■ **Task to complete**
The copy should hold exactly the lines below from the one that contains "Property Photo: 225" through the one that contains "3009 Sloan Drive, Charlotte, NC" and nothing else, so no pictures.

■ **Data**
□ □ □
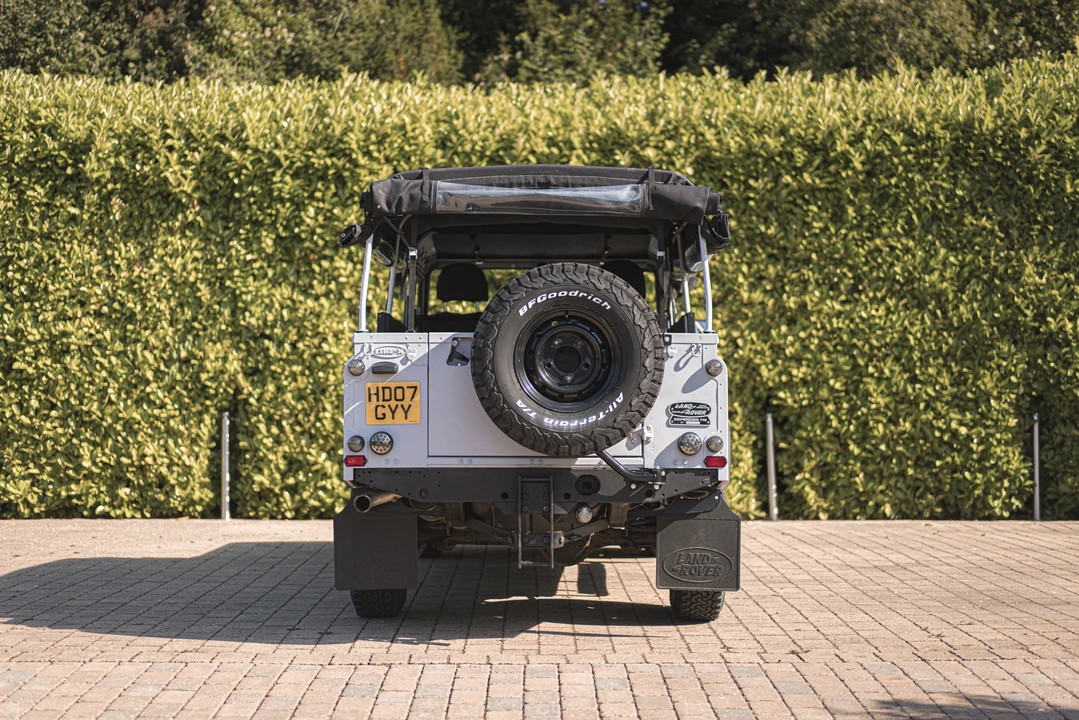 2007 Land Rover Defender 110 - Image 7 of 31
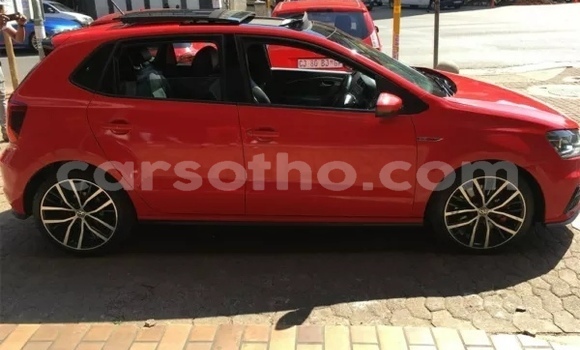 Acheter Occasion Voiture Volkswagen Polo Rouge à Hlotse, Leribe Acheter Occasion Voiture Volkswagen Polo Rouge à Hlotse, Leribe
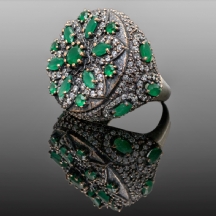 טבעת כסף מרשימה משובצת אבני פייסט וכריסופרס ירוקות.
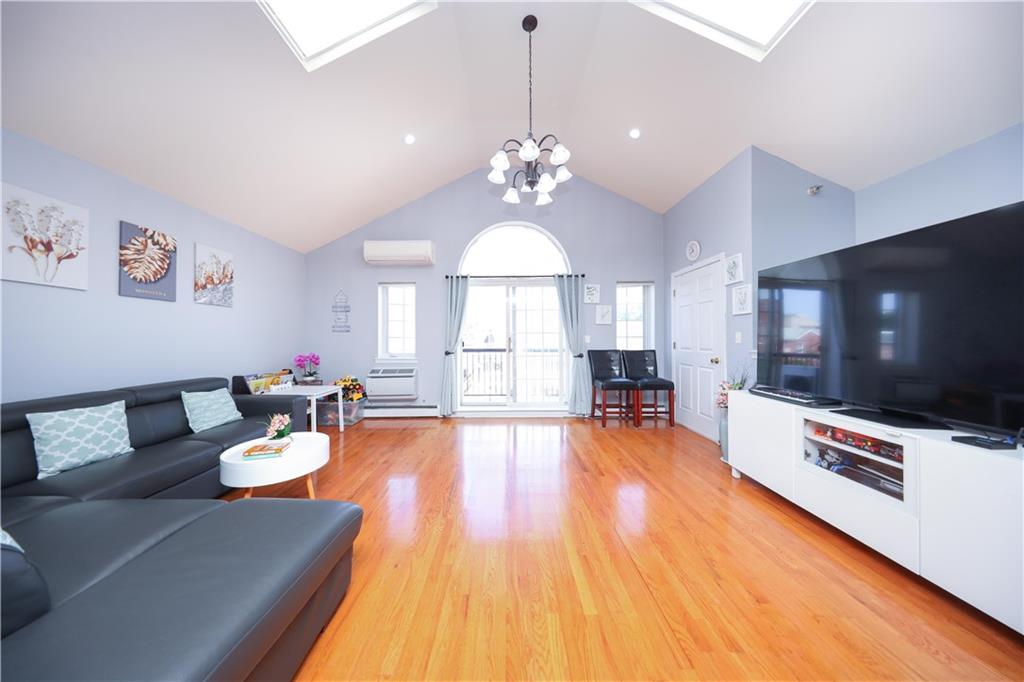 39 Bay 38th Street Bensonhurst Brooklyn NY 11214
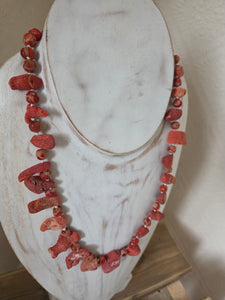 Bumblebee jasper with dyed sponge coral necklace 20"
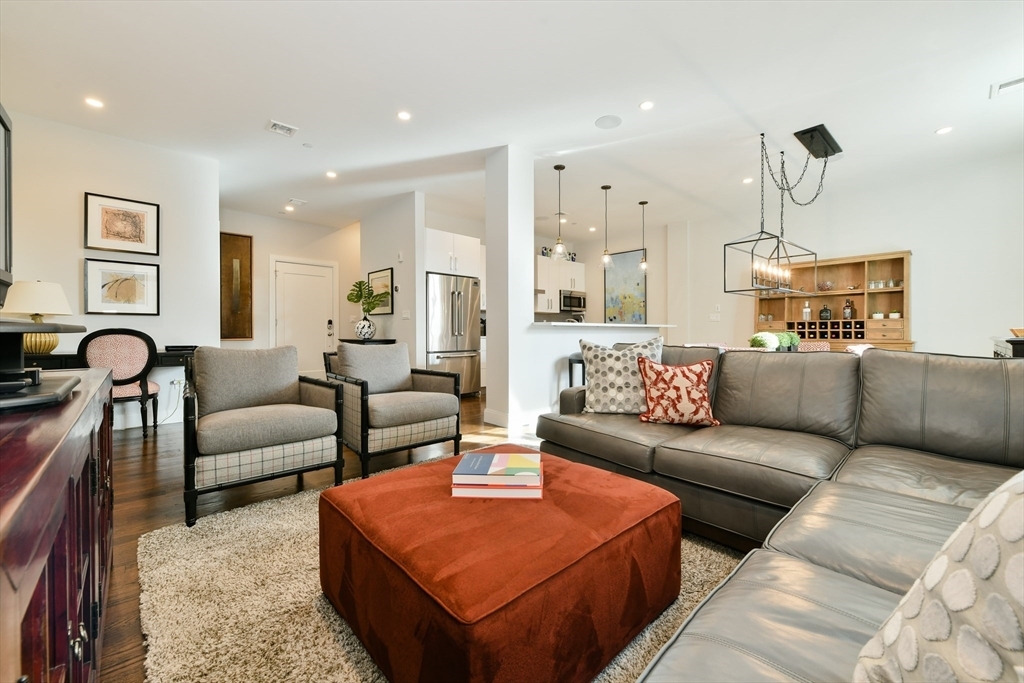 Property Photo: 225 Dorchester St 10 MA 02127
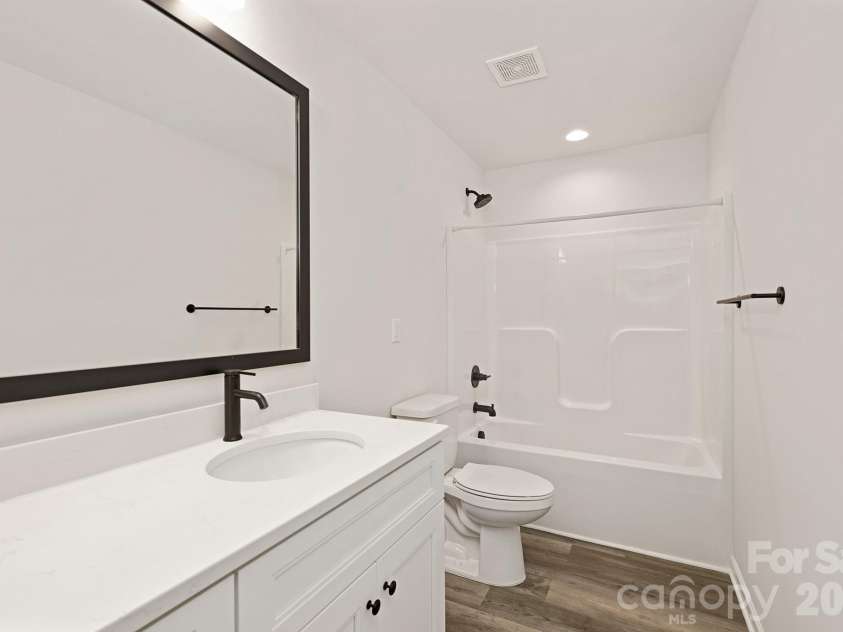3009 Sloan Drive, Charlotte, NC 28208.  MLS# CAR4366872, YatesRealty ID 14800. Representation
□ □ □
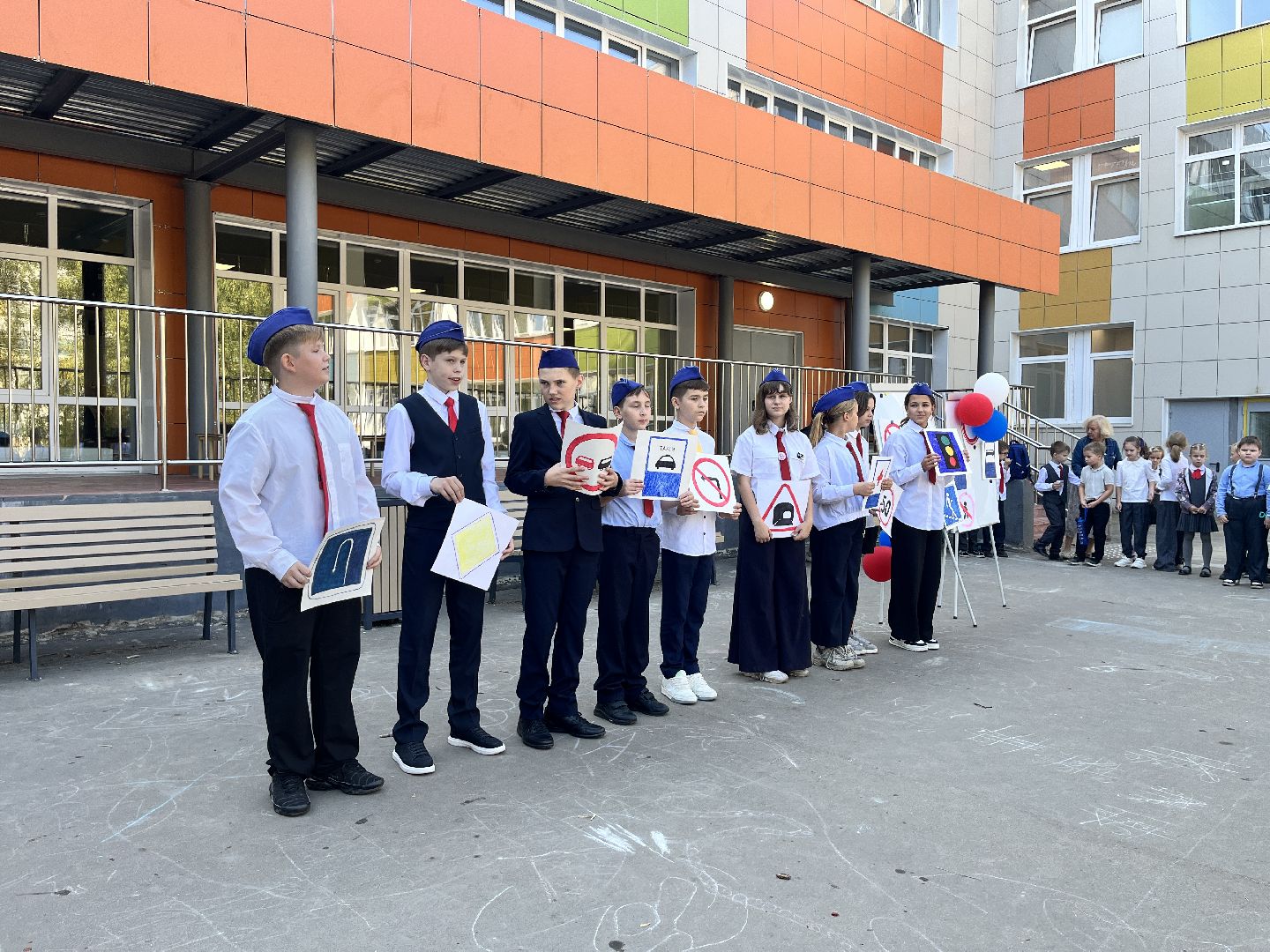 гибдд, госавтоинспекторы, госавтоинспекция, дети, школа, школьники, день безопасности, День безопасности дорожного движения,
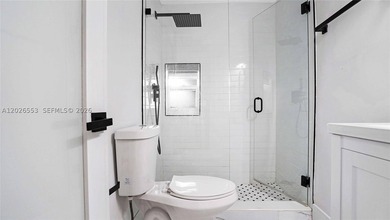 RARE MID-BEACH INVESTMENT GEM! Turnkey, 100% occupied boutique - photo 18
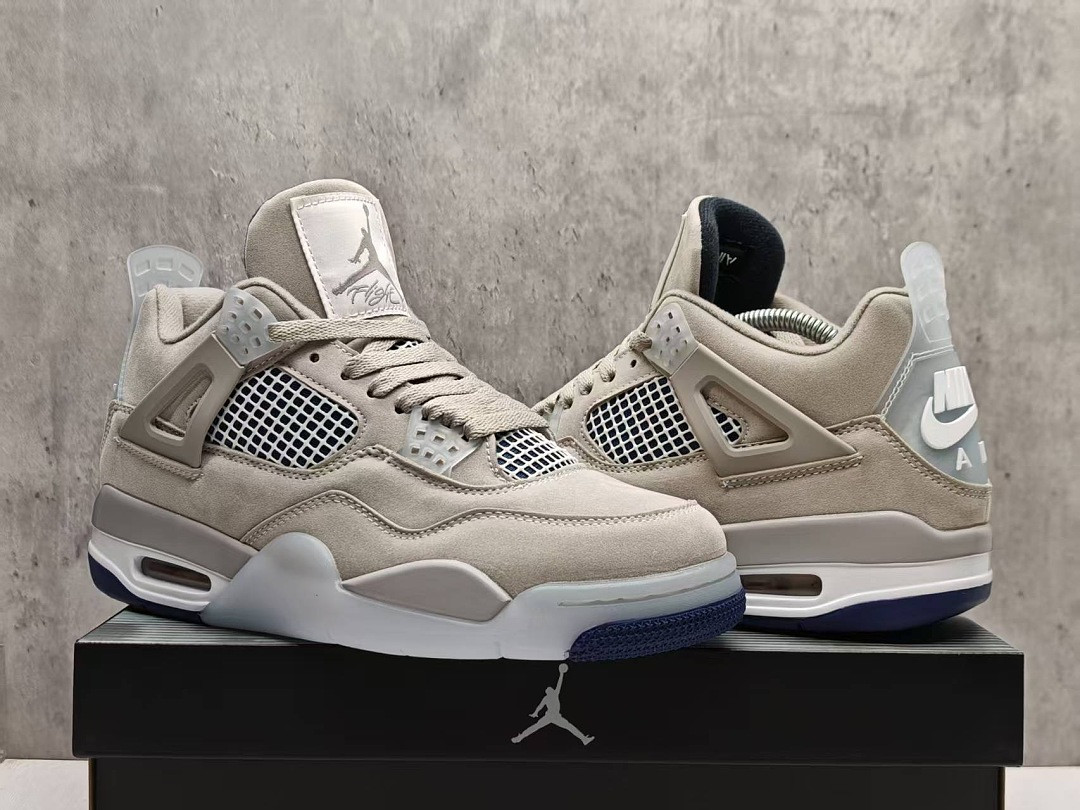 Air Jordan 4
□ □ □
■ **Exercise solution**
 Property Photo: 225 Dorchester St 10 MA 02127
3009 Sloan Drive, Charlotte, NC 28208.  MLS# CAR4366872, YatesRealty ID 14800. Representation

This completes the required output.